→ **What is expected**
In the material below, the required lines run from the one containing "Shimmering Satin Party" through the one containing "DRAHT-PENDELLEUCHTE aus metall". Copy those lines exactly, ends included, and nothing else.

→ **Working data**
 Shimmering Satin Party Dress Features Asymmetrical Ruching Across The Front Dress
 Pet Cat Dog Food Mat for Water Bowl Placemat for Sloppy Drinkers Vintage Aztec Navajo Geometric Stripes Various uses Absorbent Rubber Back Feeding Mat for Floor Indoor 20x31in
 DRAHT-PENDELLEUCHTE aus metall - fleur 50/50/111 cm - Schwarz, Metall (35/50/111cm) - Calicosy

--

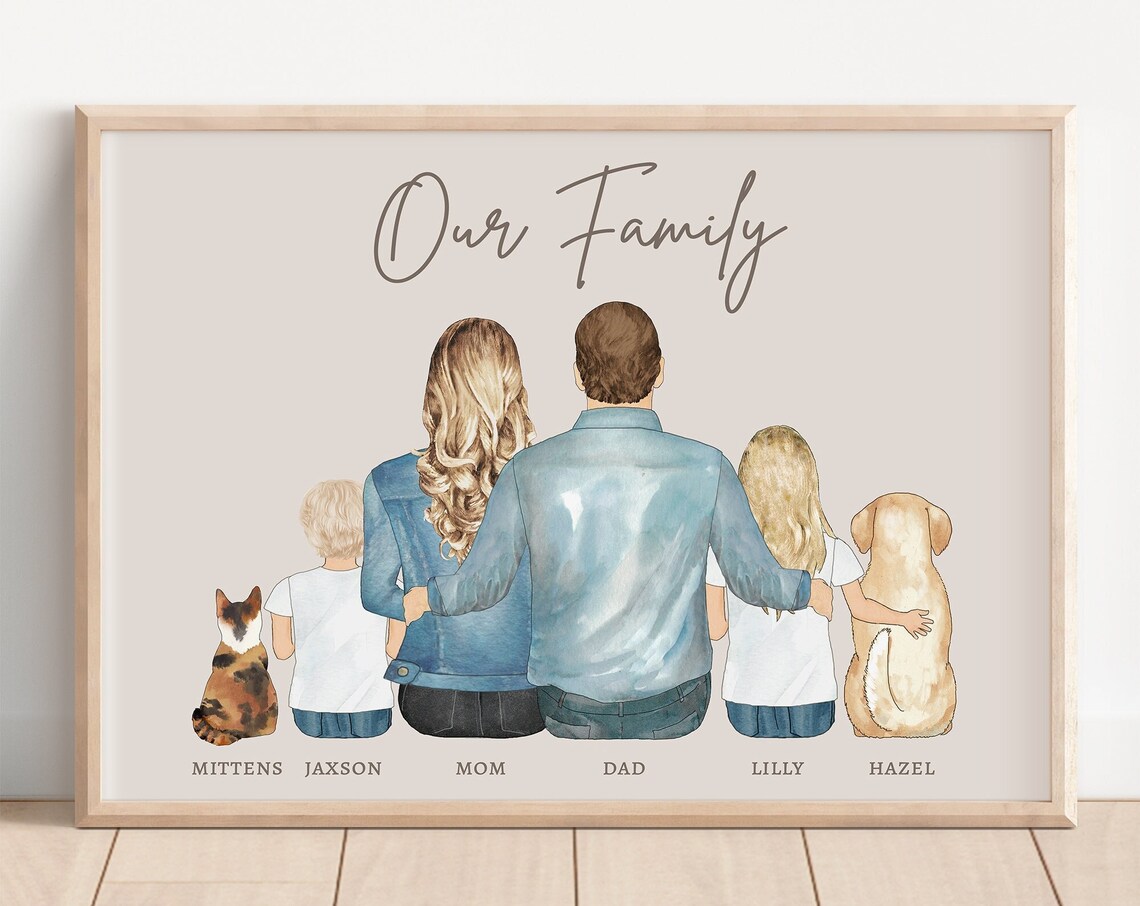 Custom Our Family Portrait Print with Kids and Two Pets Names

→ **Result**
 Shimmering Satin Party Dress Features Asymmetrical Ruching Across The Front Dress
 Pet Cat Dog Food Mat for Water Bowl Placemat for Sloppy Drinkers Vintage Aztec Navajo Geometric Stripes Various uses Absorbent Rubber Back Feeding Mat for Floor Indoor 20x31in
 DRAHT-PENDELLEUCHTE aus metall - fleur 50/50/111 cm - Schwarz, Metall (35/50/111cm) - Calicosy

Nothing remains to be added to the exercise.